Tuesday, October 26, 2010

The Furthest Step

When I was five, my mother remarried. Through this union I got a step-brother and a half-sister. We were told right off the bat that we were a family unit; that the steps and halves didn’t matter. We were so lucky to have siblings and that was all that counted. My new father became not my step-dad but also dad, or dad 2. The two of them worked to ensure equality among us all and I always accepted us as equal kids in the family standing. I assumed the extended family had adopted the same understanding and I grew up happy to have my larger family. It was nice having seconds of everyone. In my adolescence, I liked some of them better than some of my blood versions of the same. They were kind, funny and easy to be with. I considered myself lucky indeed.

As for my siblings, our unconditional acceptance of each other created confusion for others over the years. We would only admit to the sibling qualifiers if pressed:

“I was just visiting my dad.”

“I thought your sister said your dad passed away.”

“Well, yes and no, that was her dad. I still have mine.”

“I don’t get it.”

“Technically she’s my half-sister.”

We’d gloss over the explanations as if they were an ugly secret. “That stuff doesn’t matter to us,” we’d firmly state. “I mean, he’s my brother and that’s it. The step part doesn’t change anything.” It was as though we feared others expecting us to be somehow less devoted to each other if they knew we weren’t ‘real’ siblings, whatever that means.

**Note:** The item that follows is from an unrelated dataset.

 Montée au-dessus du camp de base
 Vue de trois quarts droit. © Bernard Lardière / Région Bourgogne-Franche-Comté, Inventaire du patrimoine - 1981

Over the years there were some tensions with various family members who believed in the value of bloodlines. But as far as I knew those were long assuaged. We’ve been family for so long at this point, who remembers such petty distinctions?

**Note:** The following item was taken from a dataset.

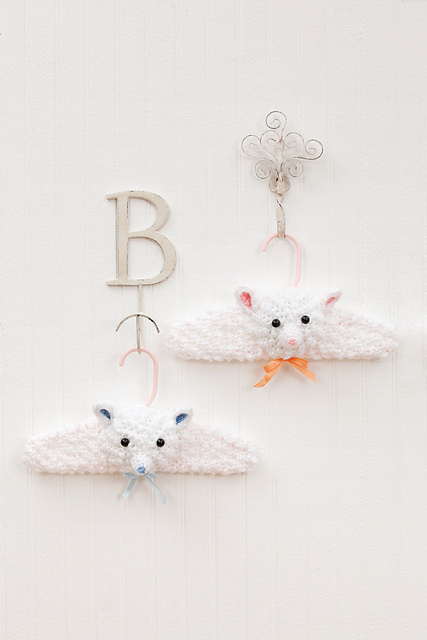 Little Lamb Hangers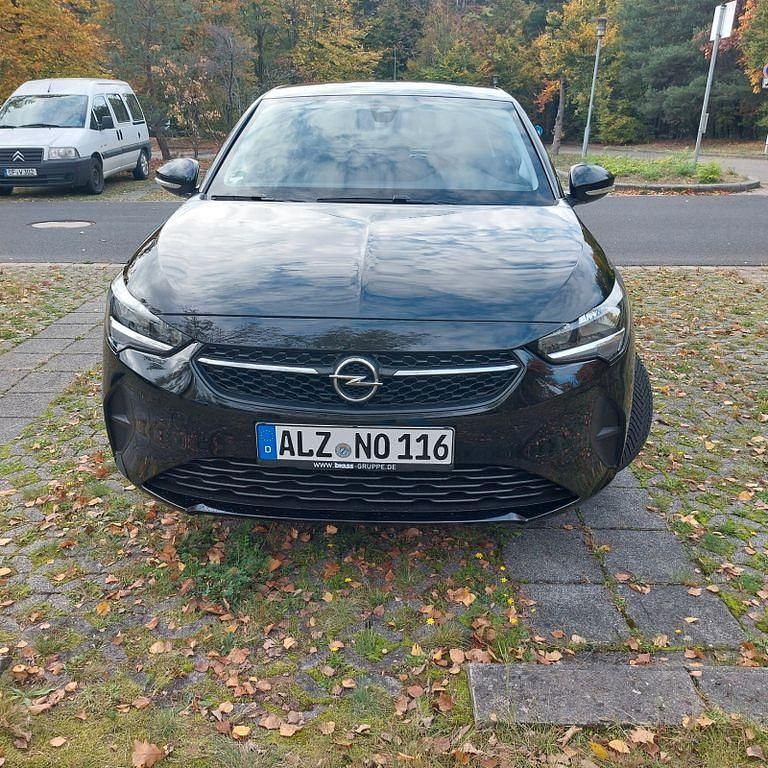 Schwarz Gebraucht 2021 Opel Corsa-e Edition Kleinwagen | 13.200 € (Guter Preis) - Bild 1/4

By an accident of timing and venue availability, my sister and I both got married this summer. We chose very different wedding styles so on many levels there is no comparison. My sister’s wedding was an apple and mine an orange. Given that we’re siblings, however, and given there were only months between, it’s impossible not to take certain measurements. Theirs was held near much of their families making the guest list about five times the size of our remote destination celebration. Not for nothing but that also means five times the gifts which is petty and silly of me, I know, but when you’re trying to create a nice kitchen and your sister opens the appliance you most wanted from your registry it’s hard not to feel a little twinge.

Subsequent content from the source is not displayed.